Influenced by American films, which started using cuts to guide the viewers’ attention and help them follow the action earlier than in Europe, the narrative style changes after the end of World War I, when American films flooded the European market and created the hegemony in global film that Hollywood has maintained to this day. Moreover, the increasing use of electric lighting instead of sunlight gives Danish films from the 1920s, like Lasse Månsson fra Skaane (Struggling Hearts) and Nedbrudte Nerver (The Hill Park Mystery), a more polished appearance.

The decline of Danish silent film

The above films were produced during a period that in many ways marked the decline of Danish film. During World War I, export markets were much more difficult to reach, and all the smaller Danish studios were forced out of business. Nordisk had foreseen the huge strategic challenge that Hollywood would pose after once the war was over, but, in part because of unfortunate external circumstances, their countermove failed, and the studio had to be significantly downsized.

In a brief period up to 1920, Swedish film enjoyed great success with masterfully directed dramas based on works by prominent Nordic writers and by employing Nordic nature as a backdrop and atmospheric element. Struggling Hearts and Morænen (The House of Shadows) can be seen as Danish attempts to recreate the successful Swedish formula.. They also underscore that silent film is not just one thing.
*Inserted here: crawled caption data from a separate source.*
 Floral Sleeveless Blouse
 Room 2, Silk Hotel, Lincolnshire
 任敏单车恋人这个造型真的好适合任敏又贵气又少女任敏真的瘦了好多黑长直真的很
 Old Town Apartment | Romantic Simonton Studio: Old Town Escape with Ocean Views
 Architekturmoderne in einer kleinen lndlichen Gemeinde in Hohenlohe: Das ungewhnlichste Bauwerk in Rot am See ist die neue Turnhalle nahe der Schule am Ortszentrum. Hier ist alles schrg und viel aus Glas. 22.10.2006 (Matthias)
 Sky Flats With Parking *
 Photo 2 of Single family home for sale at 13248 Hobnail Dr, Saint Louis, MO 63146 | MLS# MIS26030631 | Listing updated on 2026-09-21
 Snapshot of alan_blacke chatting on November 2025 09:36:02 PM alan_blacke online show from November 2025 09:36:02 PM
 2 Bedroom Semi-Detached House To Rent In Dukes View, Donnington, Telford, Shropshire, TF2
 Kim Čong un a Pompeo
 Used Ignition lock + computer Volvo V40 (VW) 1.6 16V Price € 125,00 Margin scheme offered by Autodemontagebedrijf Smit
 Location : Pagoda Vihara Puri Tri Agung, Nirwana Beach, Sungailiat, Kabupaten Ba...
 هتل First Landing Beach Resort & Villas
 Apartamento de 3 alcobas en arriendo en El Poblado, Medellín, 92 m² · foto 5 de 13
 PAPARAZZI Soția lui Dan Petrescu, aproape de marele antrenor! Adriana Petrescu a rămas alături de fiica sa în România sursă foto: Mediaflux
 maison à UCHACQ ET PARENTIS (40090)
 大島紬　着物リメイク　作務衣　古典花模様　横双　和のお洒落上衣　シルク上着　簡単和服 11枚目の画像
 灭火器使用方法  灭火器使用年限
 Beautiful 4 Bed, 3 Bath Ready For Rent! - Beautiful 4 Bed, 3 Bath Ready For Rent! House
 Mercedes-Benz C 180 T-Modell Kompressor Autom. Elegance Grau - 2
Within a few short years, one-minute films showing dogsleds and folk life had evolved into features with the same running times as films today, fluidly told and acted with psychological insight and compressed emotional intensity.

While not an artistically groundbreaking work, Klovnen (The Golden Clown) from 1926 is a good example of a mainstream European entertainment film of the day. In terms of craft, it is fully on a par with the best products of the big film nations. There is not much Danish flavour – the film is aimed at an international audience. It is set in France and shot partly in Paris. The two leads are played by a Swedish and a French actor. Without dialogue, a mixed cast is no problem. The Golden Klown is a melodrama, a weepie about love and infidelity. Unashamedly sentimental, it nonetheless shows the undiminished power of the silent art to speak to the heart.